The worst was once after I had already written the discharge orders and the nurses called to let me know the patient had gone blind.
I was grouchy that day and wasn't having it.
I went in with a rolled up piece of paper. I checked his pupils. I used a Snellen. I went through the whole rigmarole.
Then when I was talking to his mother, without looking I threw the paper at him hard and fast. He yelped and dodged it. I told Mom that they were going home.
To be honest I still feel a little guilty about it, and don't know what the right thing to do was.
#2

I had a patient who was supposedly comatose but was giving a few mixed signs when it came to making a definitive judgement. There is a test called a drop arm test, where you raise the patients arm over their head and drop it. A noncomatose patient will move their arm on their own to avoid hitting themselves in the face. But I had a different idea.
With the nurse in the room I said. "Okay. Our defining test. If his arm stays straight up unassisted he is comatose."

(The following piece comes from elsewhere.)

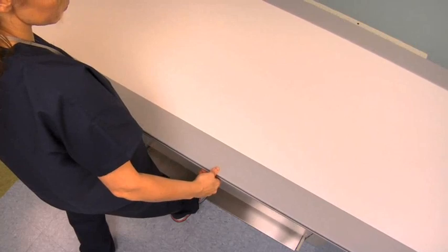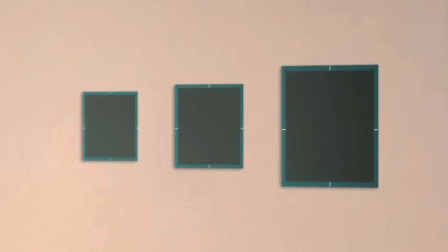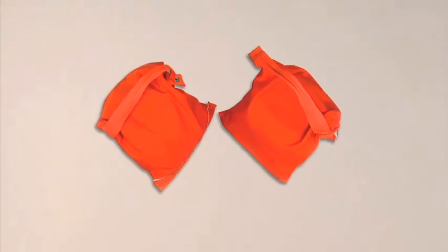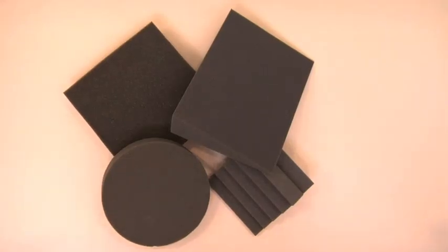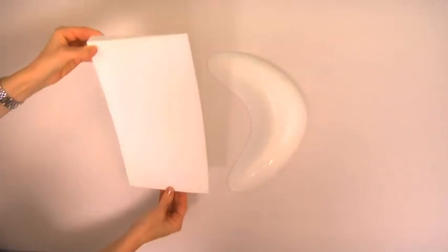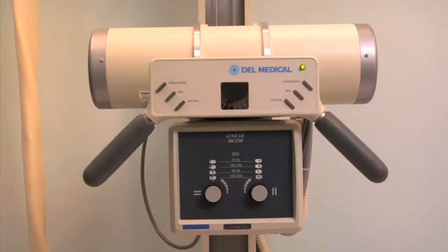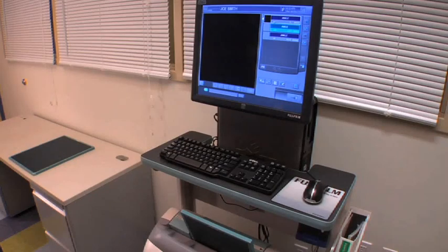Equipment required includes a radiographic table, upright and table bucky, and a selection of different cassette sizes — 8 by 10 inch, 10 by 12 inch, and 14 by 17 inch cassettes. Also needed are protective lead shields and a lead apron, anatomical positioning aids such as weights, an assortment of lead markers, and radiographic accessories like radiolucent sponges, compensating filters, and sandbags. An X-ray generator and X-ray tube housing assembly, a control panel behind an appropriate lead-lined barrier, and a computer radiography system are also required.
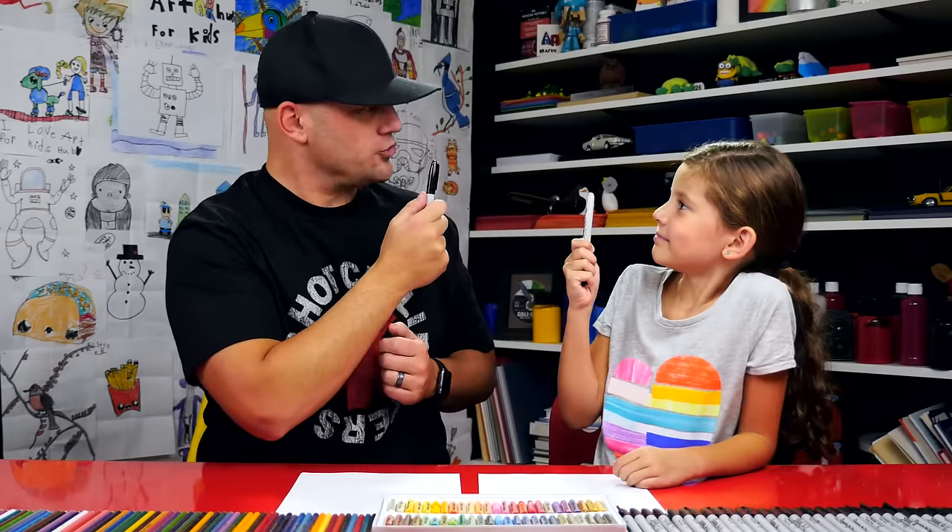Hadley, what are we going to draw today? An ice cream sandwich. Yeah, we're going to draw a cute ice cream sandwich. We hope you're going to follow along with us. You got a marker and some paper? Do you got your marker? Yeah. All right, you ready to draw? Yeah.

I let go of his arm and it stayed totally upright. The guy did himself in. I told him shortly after that the gig was up and he had no medical reason to be admitted.
#3

While the stories of patients faking it might seem purely humorous, there’s a serious psychological and medical context behind them. According to the Mayo Clinic, factitious disorder is a condition in which individuals deliberately fabricate, exaggerate, or even induce symptoms to assume the “sick role,” often seeking attention or emotional care rather than material gain.
Unlike malingering, the motivation isn’t financial or practical. This disorder can take two main forms: imposed on self, where a person fakes or causes illness in themselves, and imposed on another, formerly called Munchausen syndrome by proxy, where a caregiver fabricates illness in someone else to maintain the patient role.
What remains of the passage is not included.